The winning writers include Annabelle Schollen, Evan Suzuki, Zachary Johnson, Marissa Barber, James Mayne, Monica Dela Cruz, Katyrose Jordan, Margeaux Scholz, Max Cassee, Zach Comfort, Hannah McConnaughey, Amelia Weeks, Lawrence Javelo, Mason Velez, Connie Buckley, Bayley Gochanour, Adah Barenburg, Silas Batiste, Roman Jiles, Kelly Gruenwald, Jessica Johnson, Gabrielle Bryan, Antonia Knox, Kari Hustad, Kyrell Broyles and Marisa Etzell.
Genres for the winning entries included non-fiction, fiction/memoir and poetry. Double awards for a single entry in both Whidbey Reads and their genre went to Suzuki and Johnson. McConnaughey submitted an entry for each genre and won first place in both fiction/memoir and non-fiction categories and second place in the poetry category for her grade division.
The contest is open to all island students in grades three through 12 with divisions for grades 3 to 5, grades 6 to 8, and grades 9 to 12. There was an additional opportunity to win an award if topics related to nature, birds, or the environment, as an adjunct to the libraries’ series of programs around this year’s Whidbey Reads selection, “The Crow Planet” by Lyanda Lynn Haupt.
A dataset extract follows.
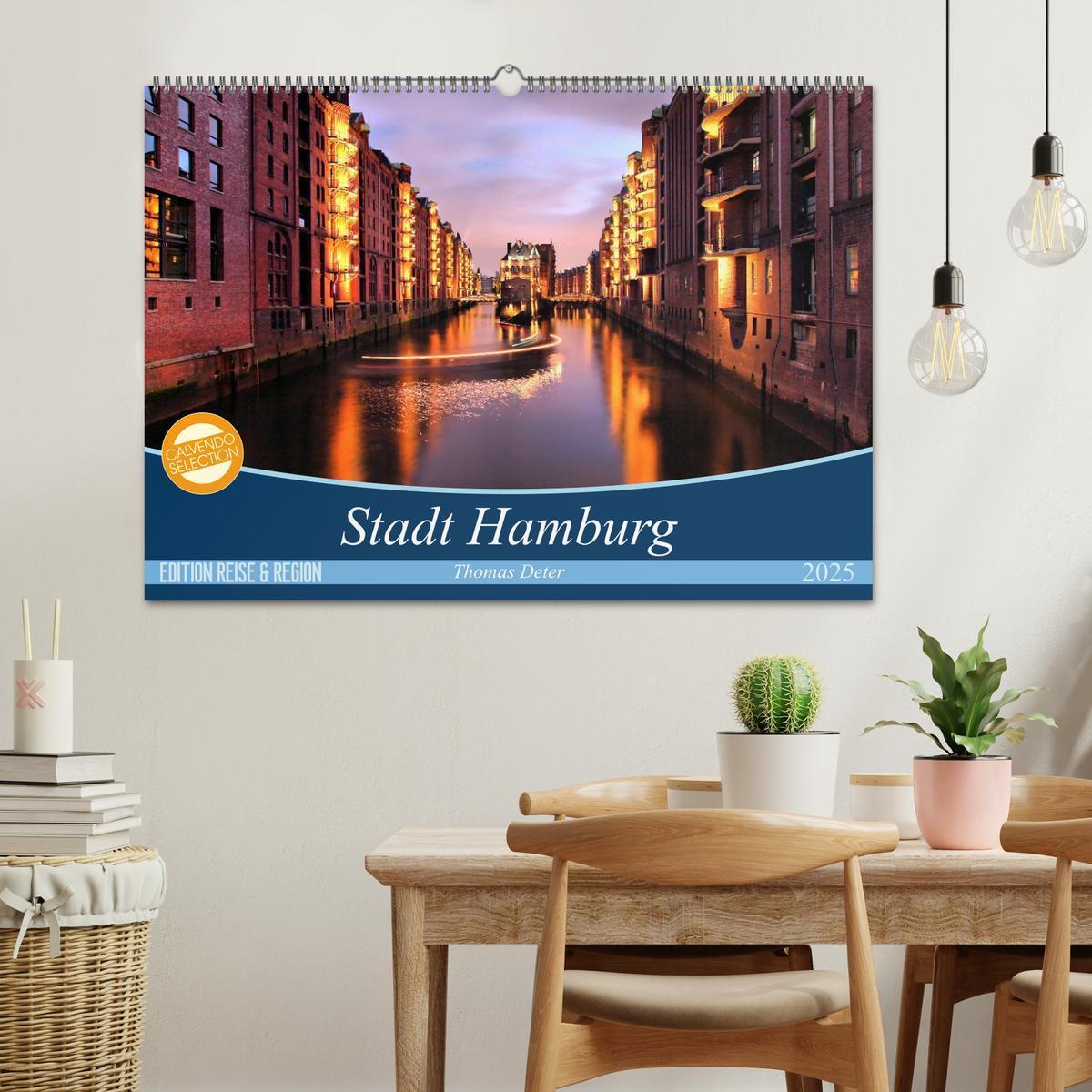 Bild: 9783435833443 | Stadt Hamburg (Wandkalender 2025 DIN A2 quer), CALVENDO Monatskalender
There were 187 entries this year, from which 24 judges selected 28 winning entries. The winners are students at Broadview Elementary, Hillcrest Elementary, and Oak Harbor High schools in Oak Harbor; Coupeville Elementary and Coupeville High schools in Coupeville; Whidbey Island Academy, Whidbey Island Waldorf School, Langley Middle School and South Whidbey High School on the South End; and Columbia Virtual Academy (homeschooled in Freeland).
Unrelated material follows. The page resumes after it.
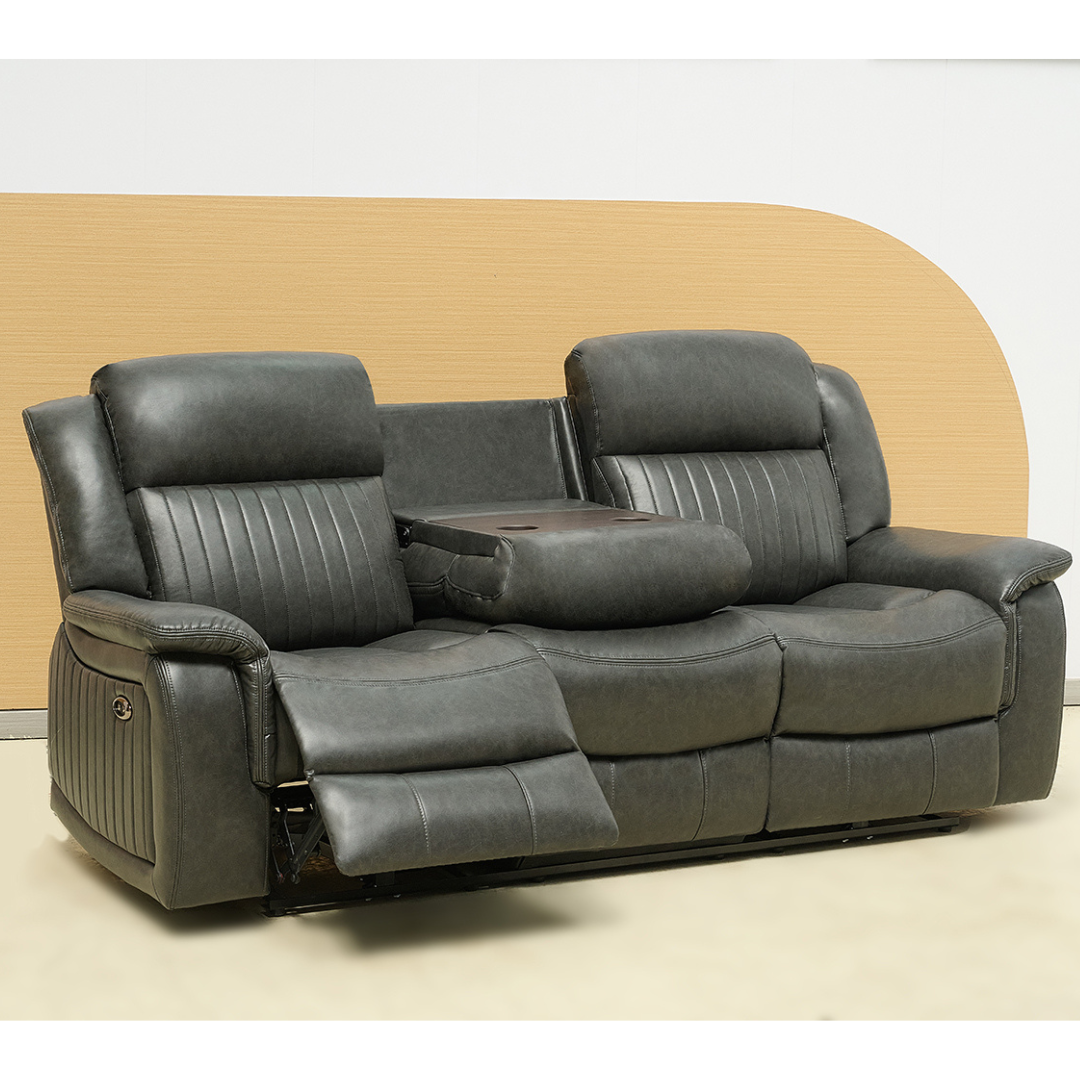 Paragon 3 Seater Recliner Black Faux Leather Paragon Power Motion 3 Seater Recliner Black Faux Leather Sofa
All the winners will receive a pencil pouch containing gift certificates or coupons generously donated by 24 various merchants from all across the island, and an anthology of local authors, which will include all the winning entries. In addition, one winner in each age division received the $25 Whidbey Reads cash prize; the first place winners in each genre and age division received a $25 cash prize; and the second place winners received a $10 cash prize.
In addition to the anthology, select entries will be posted on the Whidbey Island Writers Association website at www.writeonwhidbey.org, in the next issue of Soundings Review and in the SWHS publication The Chameleon.